And they did — remotely, still, for safety reasons. Kids and teens sang carols in front of Christmas trees at home, parents lit candles and smiling families wished each other season’s greetings, all reinforcing Lewis’ and congregants’ conviction that the church is more than the beloved stone building where they formerly gathered.

“There’s something about people connecting to this tragedy in this time of Advent and Hanukkah,” Lewis said. “Finding the light in the darkness.”

Built in 1892 in the East Village, Middle Collegiate is home to the oldest congregation of the Collegiate Churches of New York, which date to the settlement of Manhattan Island by Dutch colonists in the 1620s. Middle Collegiate had previously occupied two other locations in Manhattan beginning in 1729.

Its belfry houses New York’s Liberty Bell, which tolled to mark the birth of the country in 1776 and was later rung for inaugurations and deaths of presidents and in remembrance of the Sept. 11, 2001, terror attacks.

The Gothic Revival building went up in a blaze Dec. 5 after fire spread from a vacant building next door before dawn.

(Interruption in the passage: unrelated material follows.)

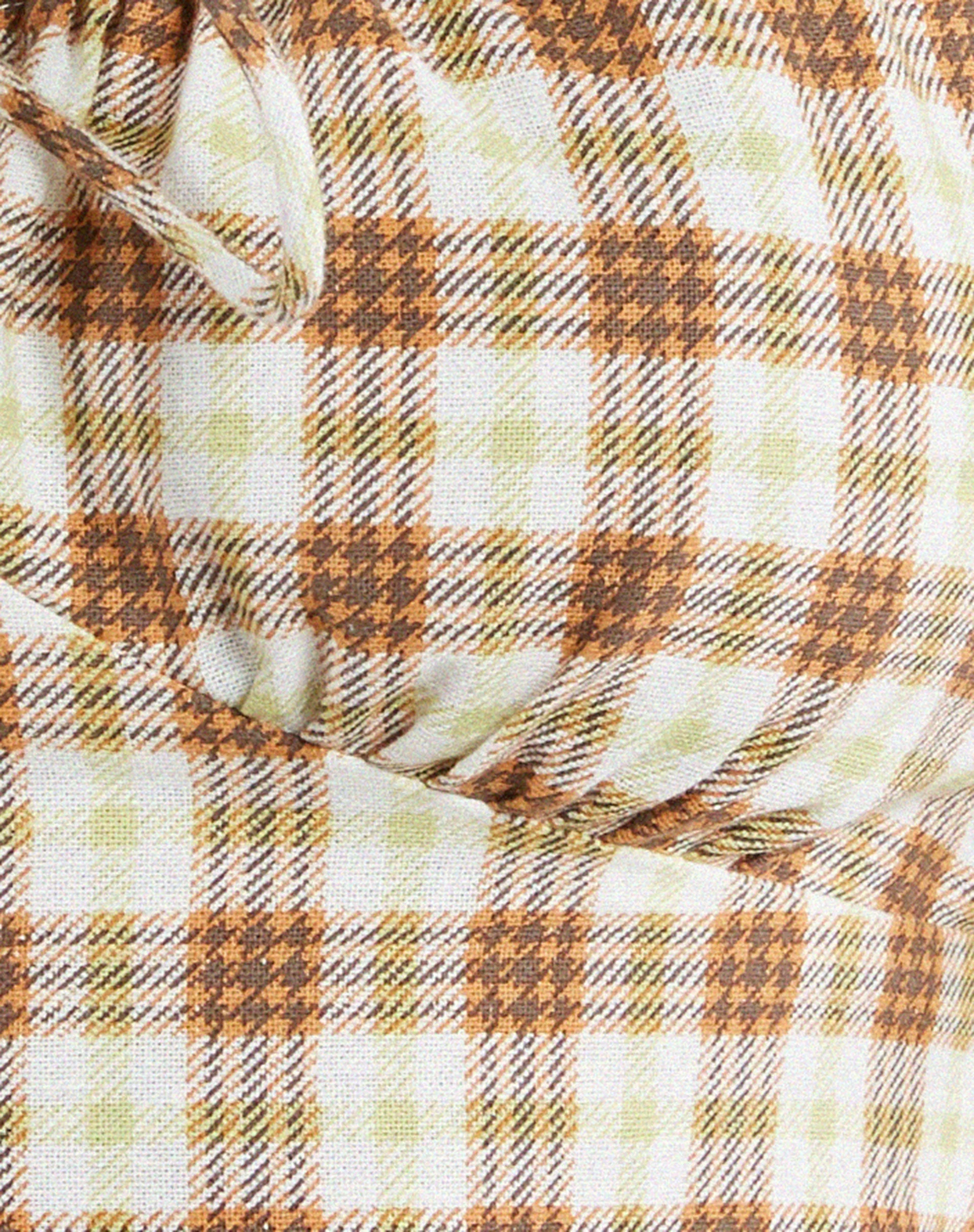 Auri Crop Top in Yellow Brown Check - Image 8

Flames shot from the roof, destroying its Tiffany stained-glass windows and skylight dome.

The bell and the skeletal facade were the only parts of the structure to survive. So did two vinyl banners reading “Black Lives Matter” and “Just Love,” the church’s motto, something that Lewis found meaningful.

“That’s some kind of miracle that the fire does not torch your values,” she said days later in front of the church, smoky odor still lingering in the air. “So, we’re sad. We’re crushed. And we’re resilient.”

A week after the fire, gospel choir members Joy Lau and Kaede Helck returned to the charred facade to lead a group in song — “God Is Here,” and “God Put a Rainbow in the Sky” — as a demolition crew worked to clear the debris.

Lau said she and others moved as a community from grieving to remembering that the church is also its people, “the church is us.”

“And that feeling that we can rebuild,” she added. “Yes, the roof collapsed, and it also felt at the same time the floor collapsed below us. But together we can do it.”

Lewis said the church has good insurance but it’s nowhere close to what’s needed for rebuilding, and they need help. Donations for reconstruction have rolled in from around the world, about $500,000 to date.

Middle Collegiate has also welcomed 25 new parishioners since the fire, she said.

A multicultural congregation, the church espouses what it calls “on-your-feet worship and take-it-to-the-streets activism.” Members have provided meals to people with AIDS, worked on storm recovery, fought for environmental protection and demonstrated for the Black Lives Matter movement and for LGBTQ and women’s rights.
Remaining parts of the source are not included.